Só recentemente tivemos a primeira protagonista negra na história das novelas globais. Trata-se da atriz Taís Araújo que interpretou o papel de Preta na novela Da Cor do Pecado exibida pela rede Globo no ano de 2004. Não obstante, houve protesto publicado no site Mundo Negro, que se dedica a discutir as problemáticas do negro na sociedade. Segue trecho da nota/denúncia publicada no endereço eletrônico
www.mundonegro.com.br, acessado em 13/11/2005 enviada à época pelo Fórum Permanente de Mulheres Negras Cristãs do Rio de Janeiro à Rede Globo:Sob o pretexto de estar trazendo uma atriz negra para protagonizar o novo folhetim, na verdade, o que vemos ganhando forma em nossa frente é um enredo que mistura ingredientes racistas e sexistas, que fantasiados de elogio (beleza, sensualidade, malemolência), reforçam conceitos naturalistas responsáveis por estereótipos que têm vinculado, no imaginário brasileiro, a mulher negra à sexualidade desenfreada, ao erotismo vulgar, à fragilidade de valores morais e esvaziando de maneira cruel o papel e a importância da mulher negra no processo de construção deste país e que nós sabemos (e eles também) que vão muito além dos seios fartos das mães-pretas e dos quitutes das “Anastácias”.
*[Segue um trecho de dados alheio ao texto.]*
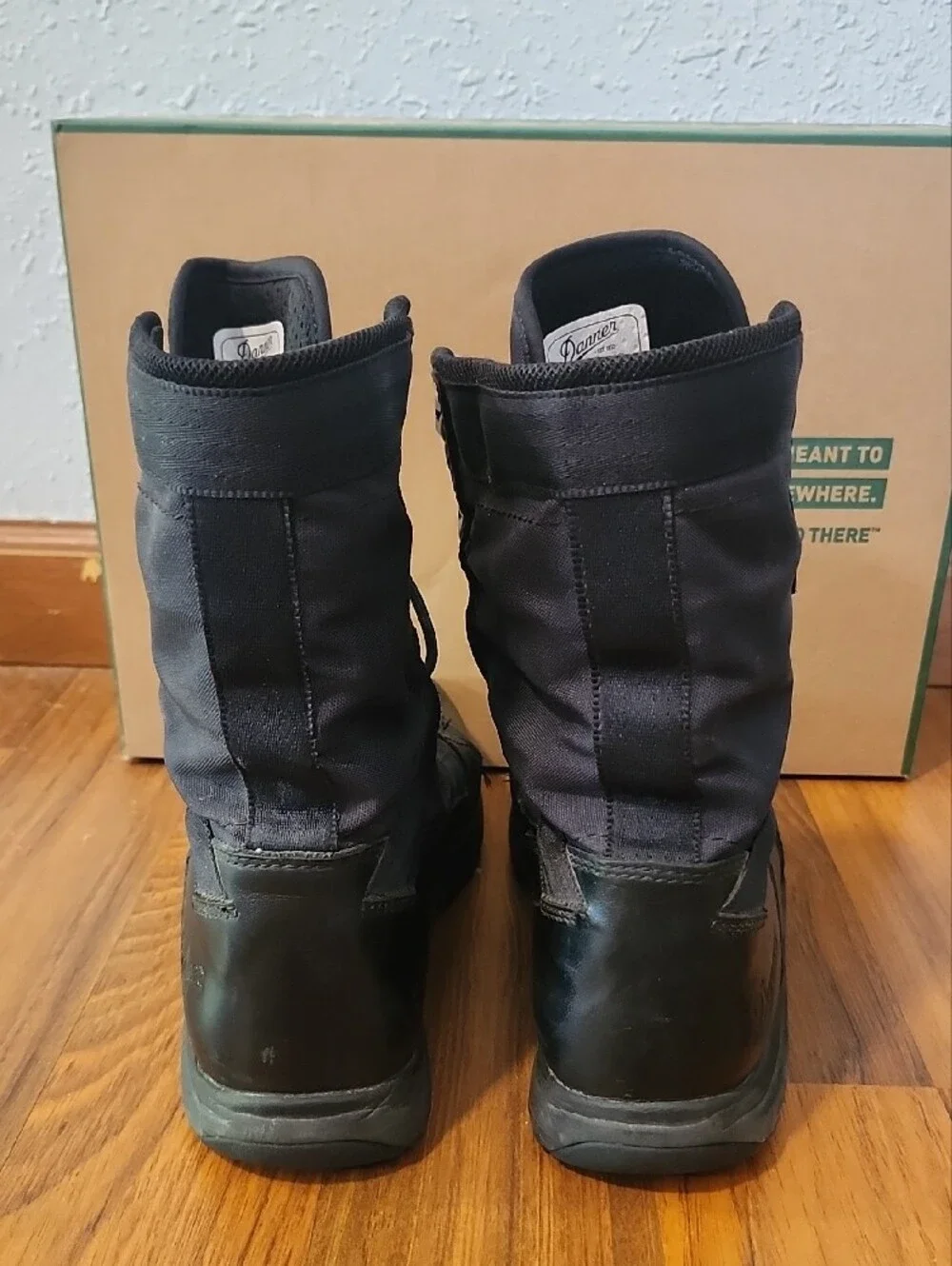 Danner Men's Size 9 Black GORE-TEX Waterproof Tactical Leather Boots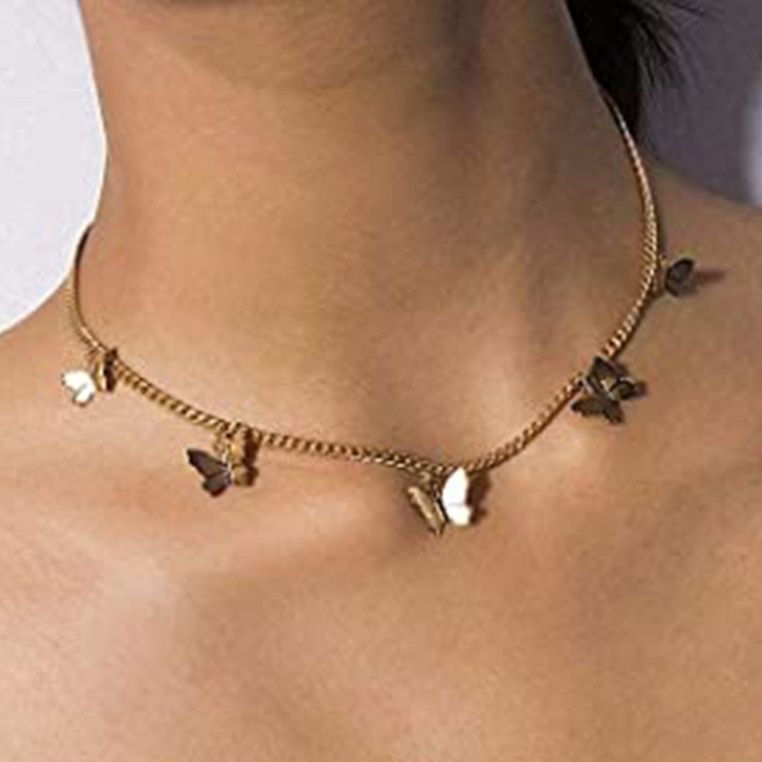 金 ネックレス 蝶々モチーフの華やか金ネックレス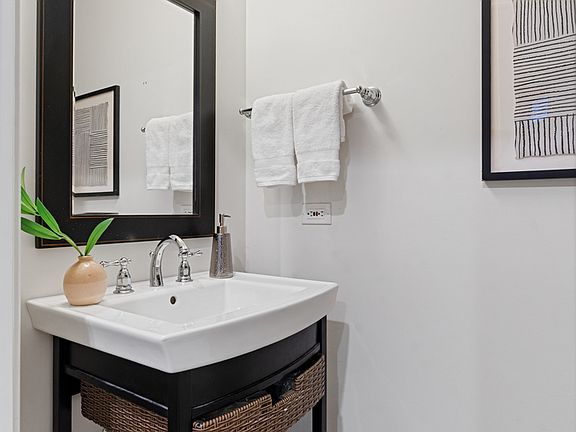 5th image of 4048 N Clark St Unit D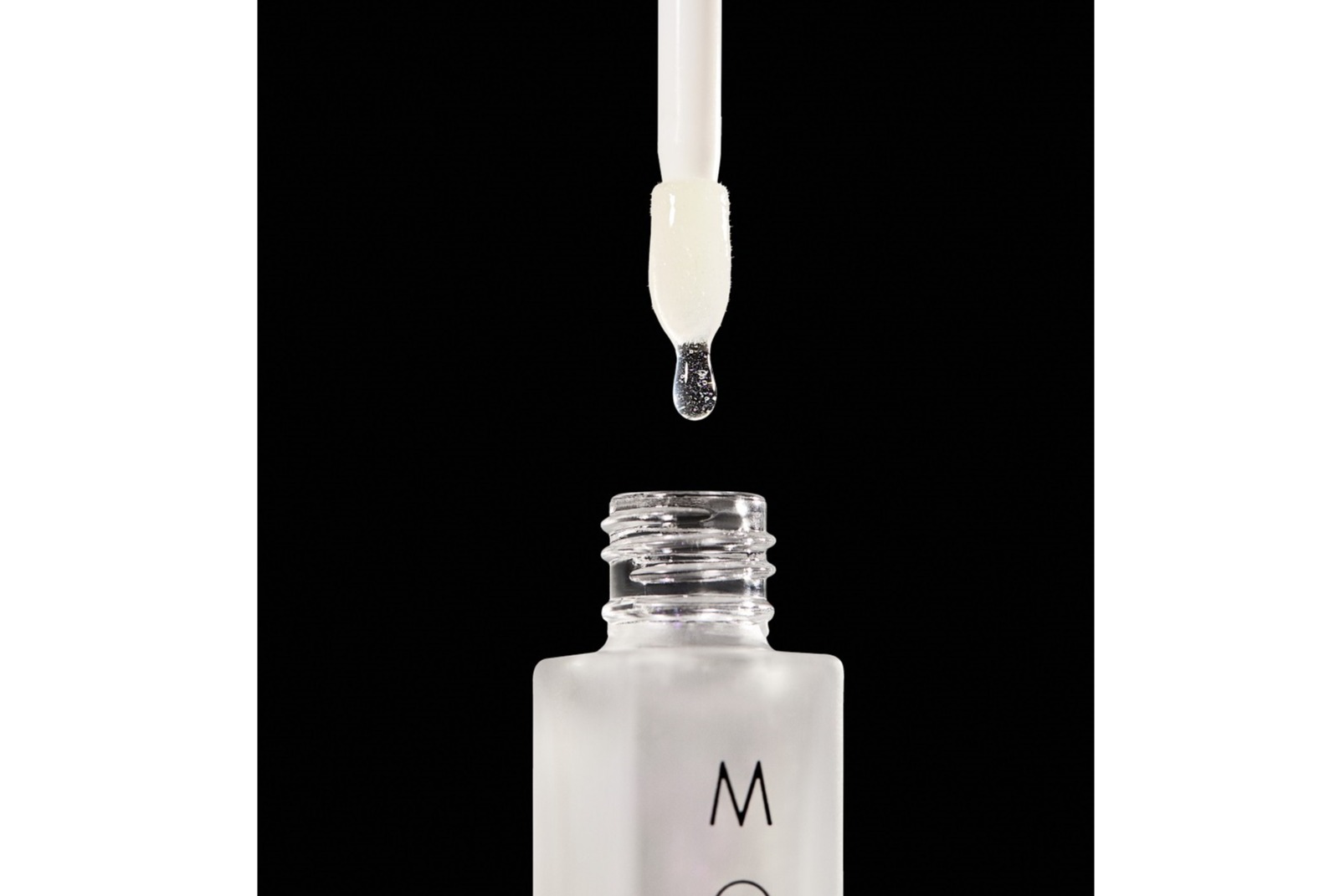 Oral beauty redefined by new teeth whitening serum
Já no futebol o fenômeno se deu de forma inversa. O time do Fluminense do Rio de Janeiro, na época considerado da alta sociedade, bem como vários outros clubes, mantinha uma política discriminatória que impedia que negros jogassem nos seus quadros. Ante a inegável qualidade técnica de seu futebol, e a necessidade de melhorar tecnicamente os elencos, a solução encontrada por seus diretores, membros da elite carioca, foi a de maquiar os jogadores negros de branco. (whiteface?) Assim, o time teria uma “boa apresentação” nos gramados, diminuindo o constrangimento de abrigar negros nos seus quadros. Por isso, ganhou e detém, até hoje, a alcunha de “pó de arroz”, que era o produto usado para tal finalidade. Este apelido é a marca indelével deste período de vergonha para o nosso futebol, colocado de forma sarcástica e bem apropriada pelas torcidas dos times adversários. Os cabelos também tinham que ter uma adaptação especial. Eles deveriam ser “alisados” a ferro quente ou então o negro usava uma touca ou similar para escondê-lo.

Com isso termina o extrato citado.